→ DATA SECTION

Start of Block

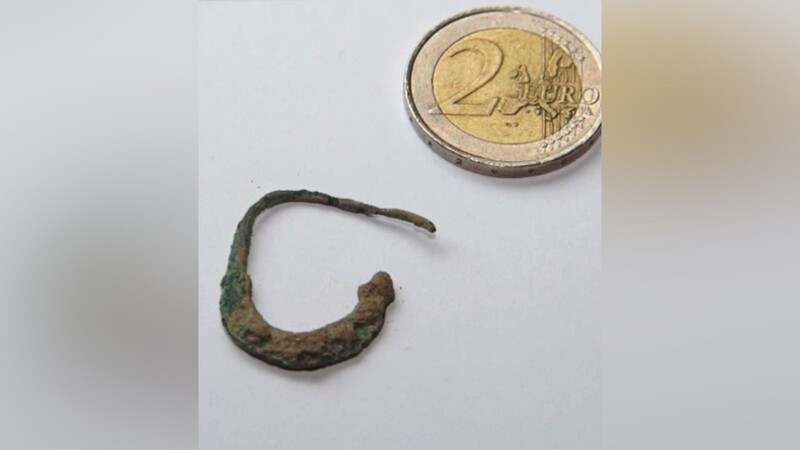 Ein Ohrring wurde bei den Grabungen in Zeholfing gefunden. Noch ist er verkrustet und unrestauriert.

End of Block
Start of Block

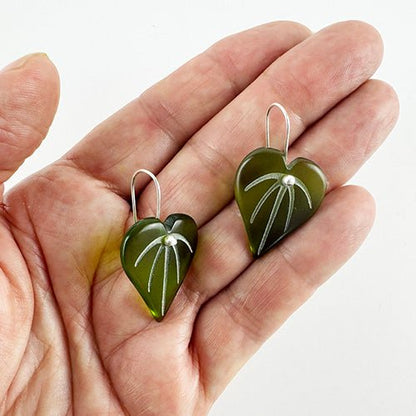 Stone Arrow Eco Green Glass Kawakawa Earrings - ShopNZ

End of Block
Start of Block

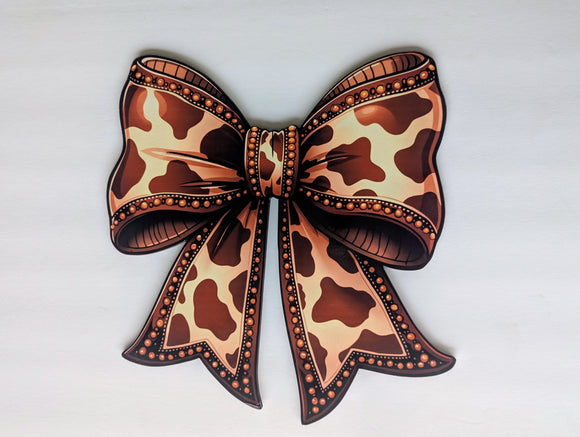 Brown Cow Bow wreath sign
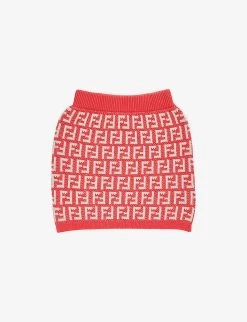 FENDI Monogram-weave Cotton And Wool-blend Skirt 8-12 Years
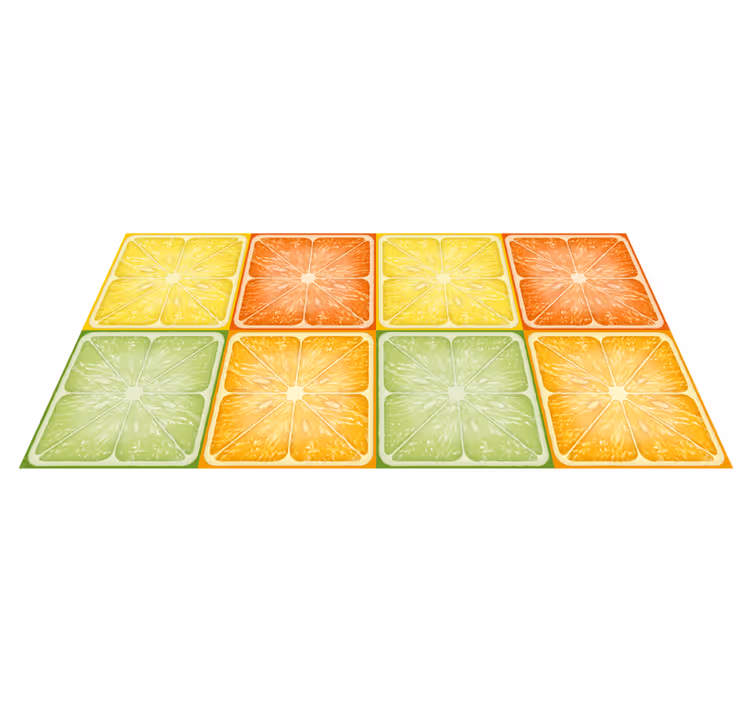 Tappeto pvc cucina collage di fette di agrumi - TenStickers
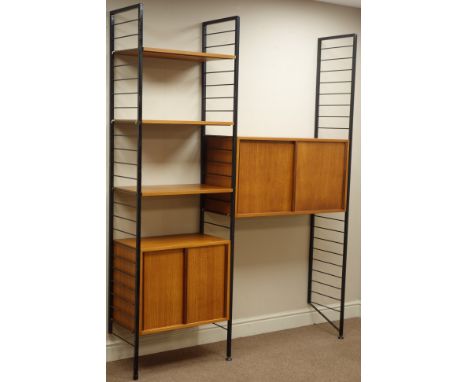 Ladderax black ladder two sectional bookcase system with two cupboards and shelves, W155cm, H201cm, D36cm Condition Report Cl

End of Block

→ EXERCISE BRIEF
Take the material above and output only the lines from the one that contains "Brown Cow Bow wreath sign" through the one that contains "Ladderax black ladder", ends included and images left out.

→ SOLUTION
 Brown Cow Bow wreath sign
 FENDI Monogram-weave Cotton And Wool-blend Skirt 8-12 Years
 Tappeto pvc cucina collage di fette di agrumi - TenStickers
 Ladderax black ladder two sectional bookcase system with two cupboards and shelves, W155cm, H201cm, D36cm Condition Report Cl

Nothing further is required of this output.